D = Doubt In Parenting #SpankA2Z #Doubt #Parenting


D = Doubt in Parenting

My original post was supposed to be about D for Daddy, but I decided to take a left turn and do a post on Doubt in Parenting.  We as parents have our days where we wonder if we do anything right–ever.  

I am a parent, therefore, I doubt

When they put that sweet little baby–like the son I talked about two days ago–into your arms, you had no idea that you’d question every tear, every temper tantrum, every crisis, and every wrong turn as your fault.  

You question every single thing you do as a parent, all the time. The amazing thing out of all of it:  You finally realize and appreciate the love your parents have for you.   

When they can’t roll over at six months, you think it’s because you don’t put them on the floor enough, or you don’t have the right toys to entice them.  When they are late talking or have speech issues, you’re paralyzed wondering if you aren’t modeling speech well enough.  When your two year old is spending more time on the floor screaming or hitting every other two year old daily, you wonder what you’ve done wrong as a parent.  

It continues through every phase of their lives.  They can’t sit for story time, they don’t understand math, they aren’t writing like their peers, they don’t kick a soccer ball like the other kids.  

OR They’re too bossy, they’re too timid, they fight too much, they don’t know how to defend themselves.  They can’t dance, read music, carry a tune in a bucket, or play an instrument.  

OR they can’t do a somersault, do a cart wheel, debate well for the debate club, pass their driver’s test, play any sports, too competitive, they can’t pass the SATs, complete the Senior Project without an act of God, or they can’t speak Spanish/French/Latin.  

OR They can’t get into the college they want, get the roommate they want, be in the major they want, they can’t stay in college, they can’t handle college, they can’t get the job they want, the apartment they want, the boyfriend they want, the husband they want.   

And every step of the way, we parents are in the background chewing our nails, crying into tissue, wringing our hands, praying, pacing the floor, etc.  And ultimately, we are wondering and worrying if we failed somewhere along the way.   

I’m having one of those weeks and it’ll be added to the pile and pile of weeks that I’ve accumulated through the years.   

It’s funny to look over my shoulder and realize that none of those other issues were ever our fault. But at the time, we were convinced we were doing something wrong or needed to do more to help. Every single time, doubt and inadequacy riddled our hearts.  
     
It seems that every time a situation arises, perspective goes out the window and the self-doubt creeps back in.   

I want to assure parents of young (and older) children, that you aren’t alone.  We’ve all been there, and most of us are probably sitting in the same worried position you are in right now. And if experience can speak here, it’s nothing that you’ve done. But, because we’re all the same–you’ll agonize, read every book out there, and talk to dozens of other parents/teachers/counselors/coaches to discuss ad nauseam what can be done, should be done, etc.  And why is that??  Because you are great parents!  
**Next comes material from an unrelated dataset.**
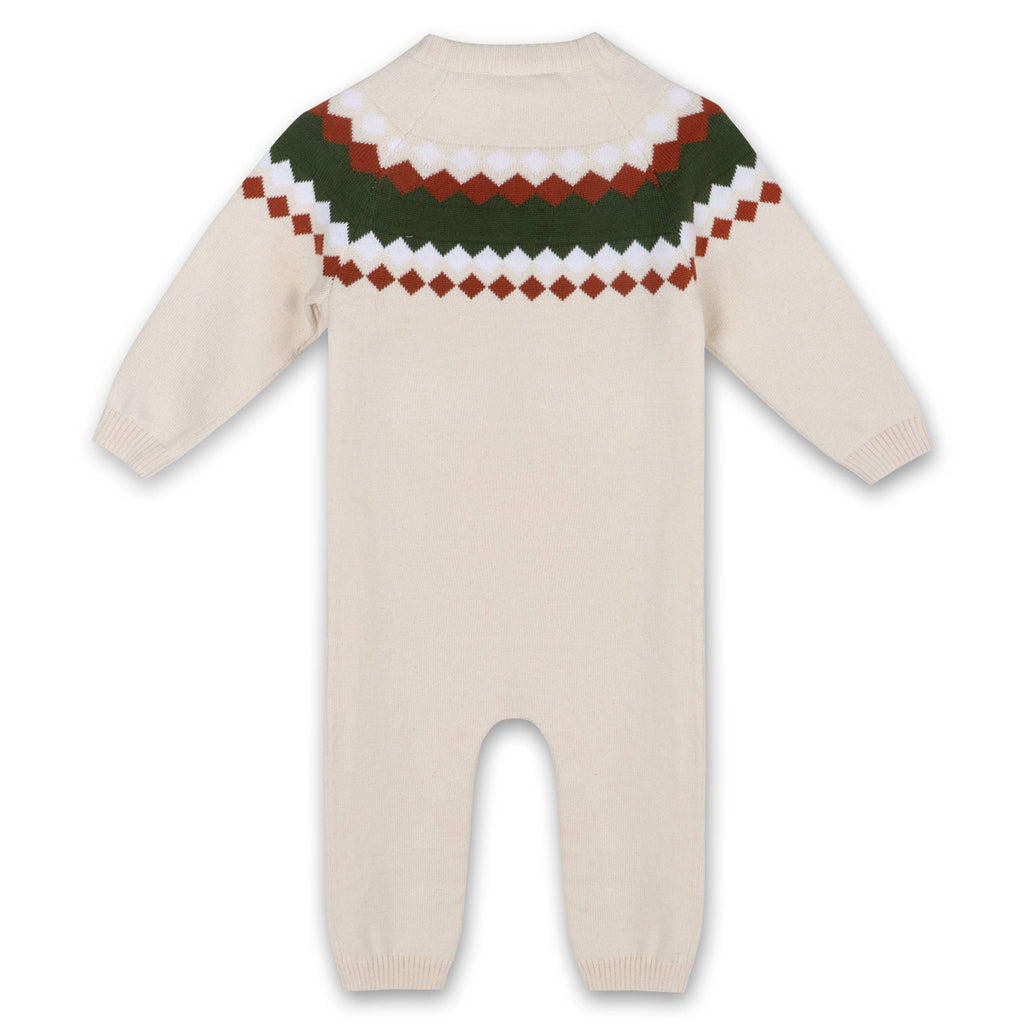 Fair Isle Jacquard Sweater Knit Baby Jumpsuit (Organic): Natural / 6-12M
And I guess the thing I’ve learned is — no matter what phase I’m in now–I’ll always worry about my kids.  I’ll always hope I’ve done or said the right things.  And I’m beginning to realize, I will probably go to my grave worrying if they’ll be okay after I’m gone.  

I’m talking to myself as well as all of you. We’ll be fine. They’ll be fine. We did our best and they are doing their best also.